Konkludenter Auftrag;
Herausgabepflicht des Beauftragten - bestimmungsgemäße Verwendung (§ 667
BGB) bei Treuhandgeldern
BGH, Urteil vom 8. Januar
2009 - IX ZR 229/07
Fundstelle:
noch nicht bekannt
Amtl. Leitsatz:
Der Rechtsanwalt, der
selbst oder über einen Dritten für seinen in Untersuchungshaft sitzenden
Mandanten Gelder einwirbt zu dem Zweck, eine Kaution zu stellen, darf die
ihm zu diesem Zweck zur Verfügung gestellten Mittel nicht anderweitig
verwenden. Weitergehende Pflichten, etwa zur Sicherung der Rückführung
dieser Mittel nach bestimmungsgemäßer Verwendung oder zur längerfristigen
Verwaltung, treffen den Rechtsanwalt in der Regel nicht (Abgrenzung zu den
Senatsurteilen vom 22. Juli 2004 - IX ZR 132/03, NJW 2004, 3630 und 12.

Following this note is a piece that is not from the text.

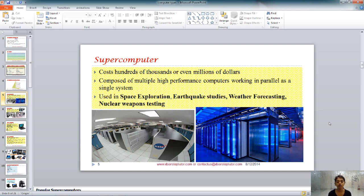A supercomputer can fill a large room, an entire floor, or even a building. In the first picture, there is the supercomputer of NASA. A supercomputer is composed of multiple high-performance computers working in parallel as a single system. It has evolved to do complex numerical problems and mathematical operations, and is used in space exploration, earthquake studies, weather forecasting, nuclear testing, and many other areas.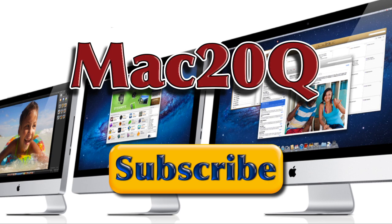Don't forget to subscribe to the Mac20Q videos so that you know when the next ones are due to come out. Bye-bye now.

Oktober 2006 - IX ZR 108/03, NJW-RR 2007, 267).
Zentrale Probleme:
Ein schöner Fall aus dem Auftragsrecht. Dort gibt es zwei
wichtige Anspruchsgrundlagen, die insbesondere auch bei entgeltlichen
Geschäftsbesorgungsverträgen relevant sind (s. die Verweisung in § 675 sowie
zB BGH v. 8.2.2007 - III ZR 148/06).
Nach § 670 kann der Beauftrage Ersatz seiner Aufwendungen verlangen. Nach §
667 muß er aber seinerseits u.a. herausgeben, was er zur Ausführung des
Auftrags vom Auftraggeber erhalten hat. Davon ist er nur befreit, wenn er
das Erhaltene bestimmungsgemäß verwendet hat. Darum geht es hier (s. dazu
auch
BGH
NJW 1997, 47 ff; zur
Beweislast s.
BGH v. 19.2.2004 - III ZR 147/03).
Er muß weiter herausgeben, was er von Dritten in Ausführung des Auftrags
erlangt, s. dazu etwa BAG NJW 2006, 3803
(Bonusmeilen) sowie
BGH NJW 2010, 3340.
©sl 2009
Tatbestand:
1 Der beklagte Anwalt vertrat den Zeugen W. in einem gegen den Zeugen
geführten Ermittlungsverfahren wegen des Vorwurfs der Steuerhinterziehung.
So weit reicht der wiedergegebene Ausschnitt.